More personalized care plans and patient engagement
Patients are often more engaged when they see that their own data matters. If a clinician references a MyFitnessPal trend or an Apple Health activity summary, the patient tends to feel heard, which can improve adherence and follow-through. This is especially true in SMB settings where patients expect a personal relationship and fast communication. The upside is not just medical. It also reduces the operational back-and-forth of asking patients to restate data they already provided, freeing staff to focus on actual clinical decisions.
There is also a behavioral benefit: patient data can turn vague advice into a concrete plan. “Walk more” is forgettable, but “increase average daily steps by 1,000 over the next two weeks” is measurable and easier to track. The more structured the document workflow, the easier it is to re-use that goal in later visits or care coordination. If you want a broader perspective on using narrative and structure to support behavior change, our guide to storytelling for client adherence is relevant beyond healthcare.
Operational efficiency when the intake is standardized
When patient data integration is structured well, staff spend less time asking, sorting, renaming, and filing.
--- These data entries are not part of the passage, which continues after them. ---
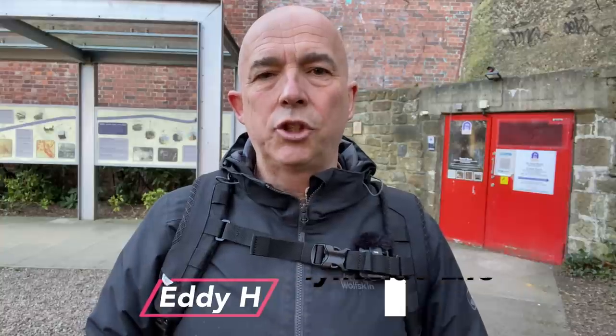Hello, my name's Eddie, welcome to my channel Tyneside Life. I cover the history, culture and football of Newcastle and the general Tyneside area. If any of that appeals to you, make sure you hit the subscribe button so every time I release a new video you'll receive a notification.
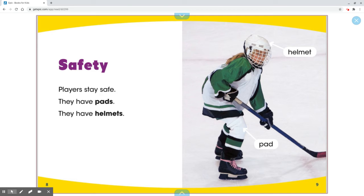Safety. Players stay safe. They have pads. They have helmets.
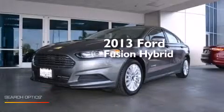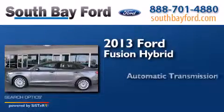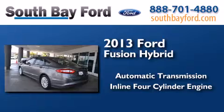This is a 2013 Ford Fusion Hybrid. This four-door sedan has an automatic transmission and an inline four-cylinder engine.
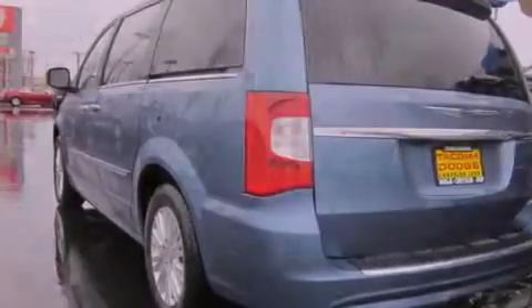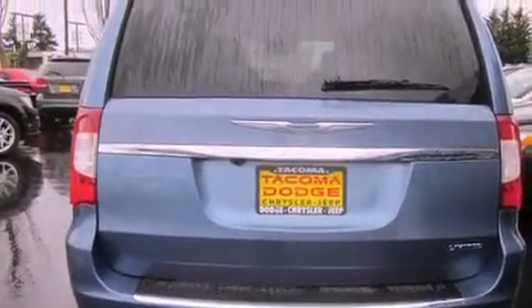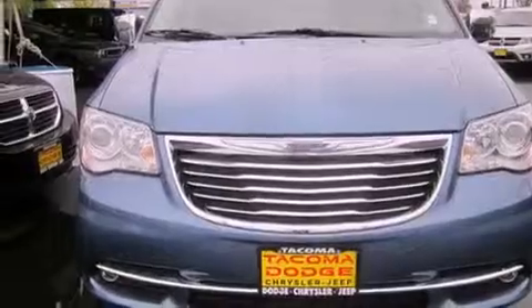Its top features include a navigation system, heated seats, a DVD video player, alloy wheels, and a sunroof that enables you to fill the cabin with fresh air at the push of a button.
That has a direct operational impact: fewer inbox backlogs, less duplicate work, and cleaner handoffs between front office, clinical staff, and billing. Standardized intake also makes audits easier because every external document has a consistent path through the system. For SMBs, the ROI often shows up in the first few months as reduced administrative noise rather than dramatic clinical transformation.
Integration should also reduce human error by limiting freeform handling. A named workflow for “consumer health app submission” can automatically apply retention rules, assign review responsibility, and prevent the file from being treated like an ordinary lab result. The discipline mirrors what good teams do in other document-heavy operations, such as regulated deployment checklists and trust-centered adoption processes. If you can make the path predictable, people are far less likely to misuse the data.
The Risks: Privacy, Liability, and Data Normalization
Privacy risk starts before the data is even stored
Privacy risk is not just about breach prevention. It begins the moment a patient shares third-party data, because the collection context may be broader than the patient realizes. Fitness app exports can include highly sensitive clues about routines, weight, eating habits, medication timing, sleep patterns, reproductive status, and location-linked activity. If this data is forwarded through email, saved on a shared desktop, or filed without access controls, the organization may create exposure far beyond the original intent. SMBs should assume that consumer health data is sensitive even when it looks “just like wellness info.”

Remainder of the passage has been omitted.